When I was at school at the turn of the decade, a number of sinister forces roamed free. From 1979 to 1981, hormones ruled, self-image was more important than the Cold War and if you weren’t into punk or the New Wave of British Heavy Metal you were the lowest of the low. An absolute maggot. And you were made to pay.
The cruelest people on earth are teenagers between the ages of fourteen and sixteen. At school I watched people I once knew turn into monsters over the summer holidays. I left them at the end of the fourth year cheery and innocent; when I saw them again at the start of the fifth year they had regressed to grunting savages hell bent on murder and pillage whenever the opportunity presented itself.
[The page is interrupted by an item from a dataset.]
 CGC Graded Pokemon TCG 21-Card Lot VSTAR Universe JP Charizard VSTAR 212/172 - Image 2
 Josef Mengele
Imagine, if you will, the torment endured by anyone who let it slip they might have a soft spot for the music of Abba.
The summers of 1976 (and 1977 and 1978) were golden years. It didn’t rain at that time, and there were no draughts either. The world was perpetually sunny and nice. And the soundtrack to this nirvana was the combined effect of the albums Abba the Album, Arrival and Voulez Vous. Such was the innocence, my mate Tucker came to the pictures to see Abba the Movie. Tucker would go on to be a fan of punk and John Cooper Clark, but in 1978 he had no problem watching an Abba film.
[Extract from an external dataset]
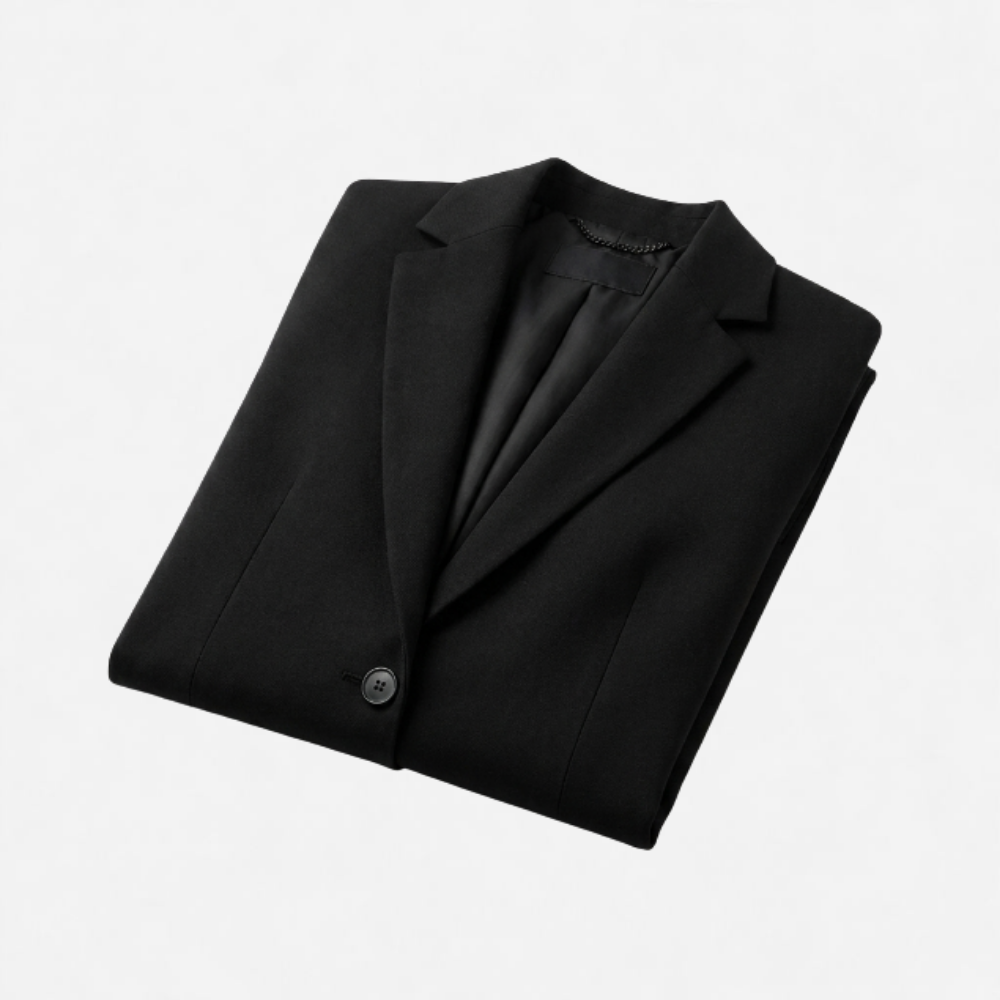 OLDMONEYLOOK | Women’s Classic Blazer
Tucker bailed out just before the Dark Ages fell upon us, but like the one victim trapped outside the pod as the doors closed and the alien monsters moved in, I slipped and fell, held on to my liking for Abba and people found out. They found out at the worst possible time in human history to be a fan of Abba. 1981.
Life was so bad I contemplated becoming a monk. And even now I still whisper it; I like Abba. I also like Rammstein and Children of Bodom, I’ve got a weird fascination with Blutengel and Laibach, and you will have read about my unconditional respect for Mark E Smith and The Fall.
Some people grew up with Elvis, others had the Beatles ringing in their childhood ears. Me, it was Abba. And I’m not going to complain about that. Dancing Queen and The Winner Takes It All are two of the greatest pop songs ever written. But am I safe admitting this? Here we are in 2015, liberated and cosmopolitan; all post-modern and ironic. Mamma Mia has been and gone, breaking Broadway and West End records everywhere. No one laughs at Bjorn Ulvaeus’s hair anymore and there are more Abba tribute bands than soft mick. (I saw Bjorn Again at Southport’s Floral Hall a few years ago.)
But the fact I’m writing this blog article with a question mark in the title suggests that we’re not out of the woods yet. As if Abba are tolerated, not revered, as if liking them gets you an understanding nod rather than an ecstatic agreement. Patronising. Like talking loudly to an elderly deaf relative: YES, WE LIKE ABBA ASWELL, DON’T WE MALCOLM!
I don’t know if Tucker still listens to Abba. I’m not even sure if he listened to them when we saw the film in 1978. But I still listen to them. Still find Frida’s attempts at dancing comical, still find Agnetha’s enigmatic delivery dizzying. And I still don’t really take much notice of the two superfluous blokes in the background, even if they did pen all the masterpieces.
Abba were and are special. Their music has an innocence perfectly suited to childhood and acts as a welcome antidote to the serious crap of being grown up. A world without Abba would be a joyless place. Every so often you need a bit of Dum Dum Diddle to balance the Hate Crew Deathroll.
Come on, come clean; what’s your favourite song by Abba?